If you try to divide Williams' body of work into different categories, Hook would belong into the Saccharine-category and also represents the peak of it. A childish score near perfection spiced with a plethora of themes and swashbuckling adventure music. The origins of being conceived as a musical once are still evident to a rudimentary degree in John Williams score. Hook contains a lot of character themes which were probably all meant to be songs at a very early point of production. For that purpose, Williams even brought in his long-time collaborator, lyricist Leslie Bricusse with whom he developed songs for a number of films, including another film-musical Goodbye, Mr. Chips (1969) or the earlier kiddie film Home Alone (1990). In the end, only two of their songs written for Hook actually remained in the film and appear on this CD and to be honest, they are nothing spectacular (despite the academy award nomination for "When You're Alone") and the underscore gets the main focus instead. A rushed production schedule made it necessary for Williams to start composing the music before the film was actually finished, so the results he delivered are even more amazing. More than two hours of music exist for the film and it was notably tried hard to give a decent overview of all the great material with this official single disc OST.

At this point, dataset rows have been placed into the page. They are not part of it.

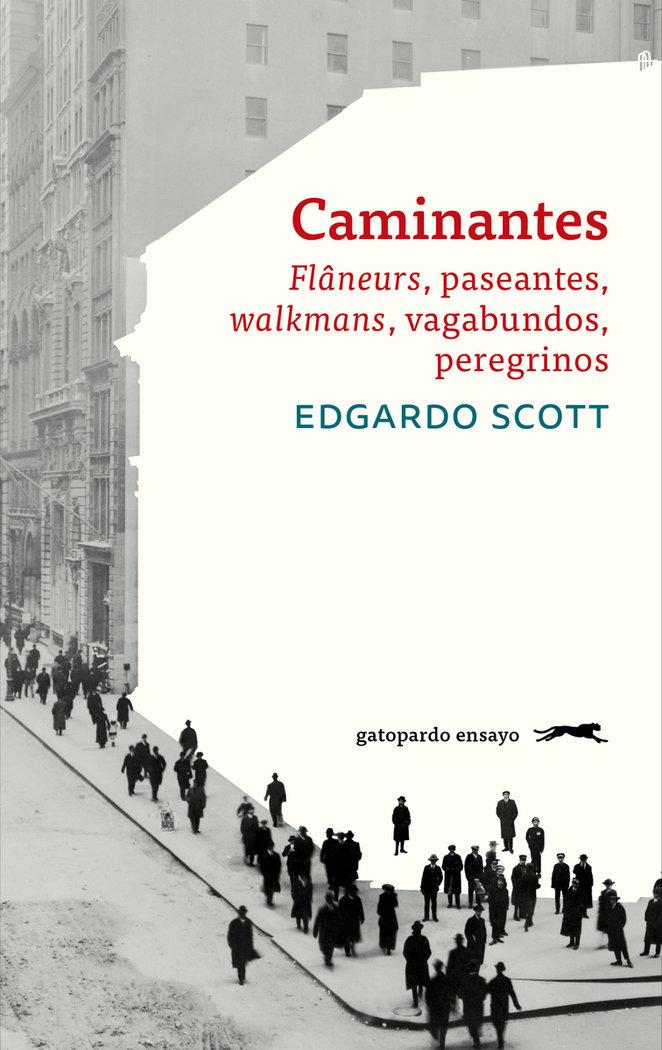 Vorderes Coverbild Caminantes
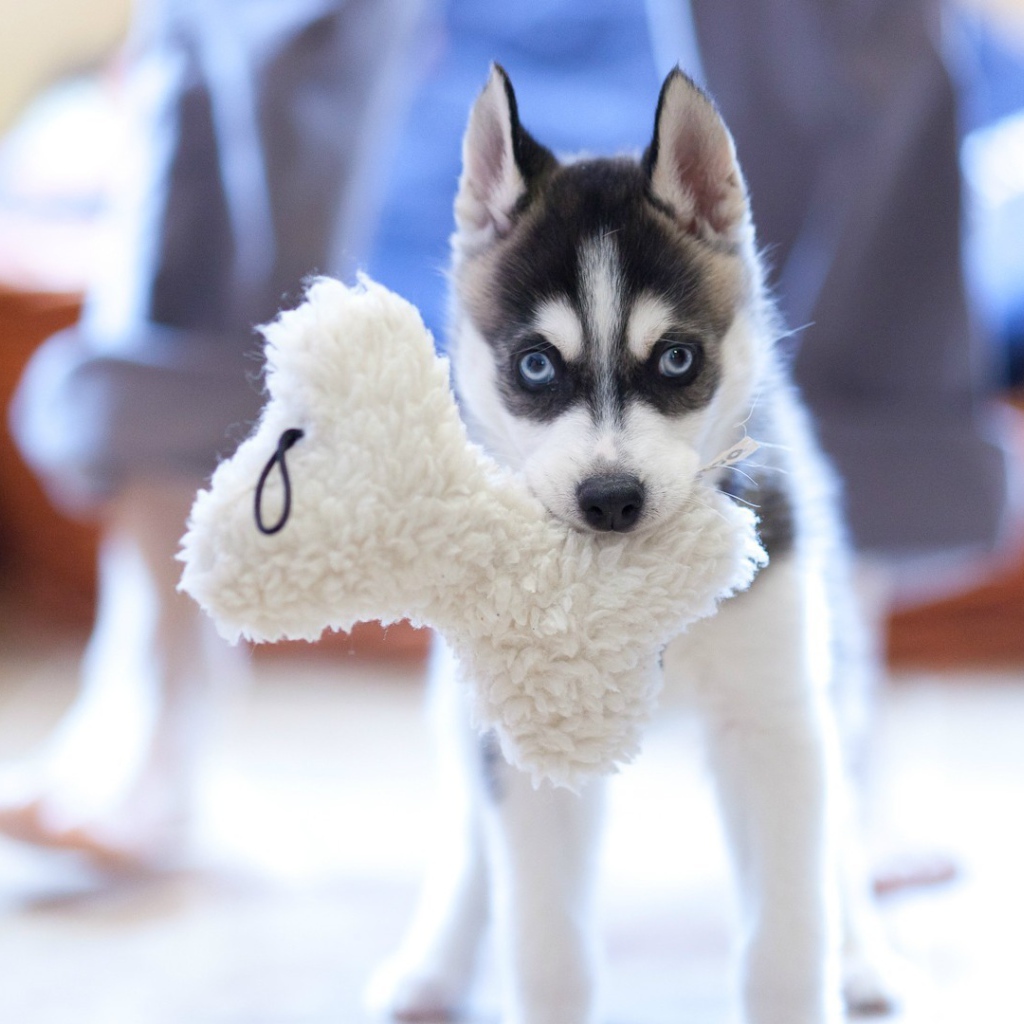 Маленький хаски с игрушкой в зубах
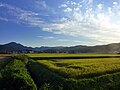 Rice fields near Minami Kanazawa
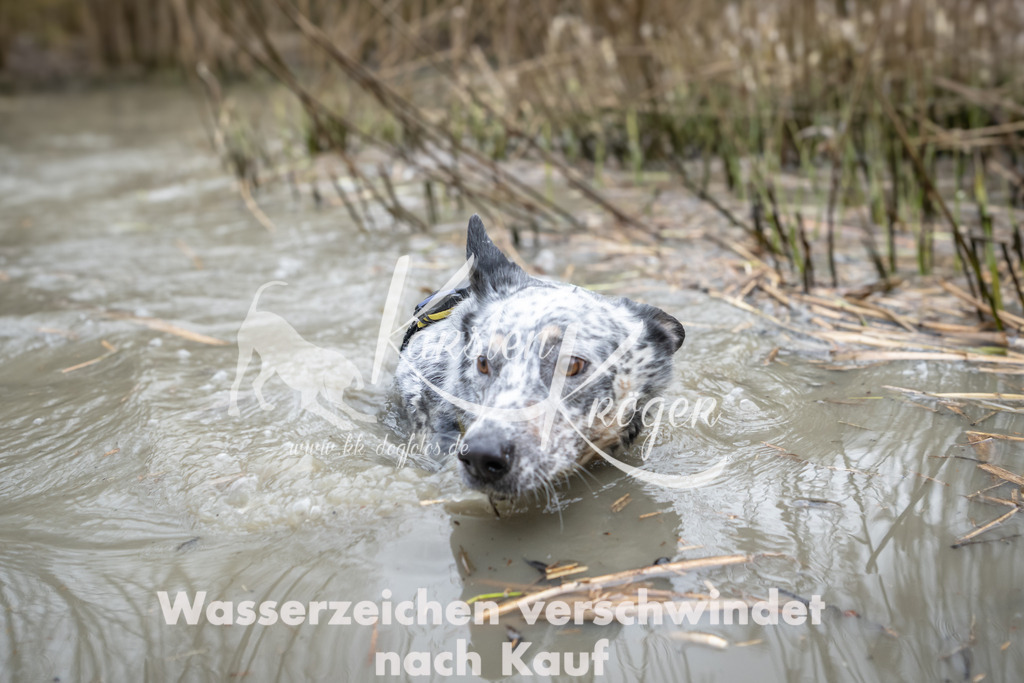 1431_ZZ99449 | kk-dogfotos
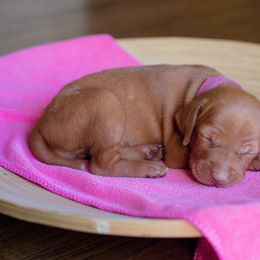 Vizsla Puppies from Wilkes Family Vizslas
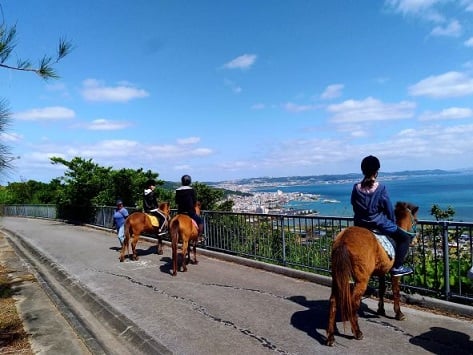 aifs-japan-ranchwork-pferde-personen-aussicht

In the film, William's musical journey to never land actually starts with the song "We Don't Wanna Grow Up" but the CD opens with a very special rarity instead: the official trailer music, which comes as "Prologue". This short but rousing, adventurous composition is giving a brief hint of what is about to come later and already introduces the main theme. The song that follows opens with solo piano introducing the theme for Tinkerbell followed by kids singing. What seems pretty annoying and simple at first is actually meant as source music in the film for a delightful school play of the Peter Pan tale. "Banning Back Home" is probably more familiar to fans under the name "Yuppie Sounds" which is a much better summary of the cue with its light-hearted, soft jazz arrangement, the kind of music you would expect in a tool kit commercial. It's interesting that a lot of the film's first ten minutes are left completely without underscore except the two oddities mentioned before. The real orchestral underscore carefully starts with "Granny Wendy" when Peter Banning visits Wendy and enters his old past. A careful solo-flute performance is slowly giving away the memories-theme which will become a main element of the music for the flying sequences later in the score. Dark music with clusters of menacingly low whirling strings and fanfares sets the tone for the scary Hook-napping of the children.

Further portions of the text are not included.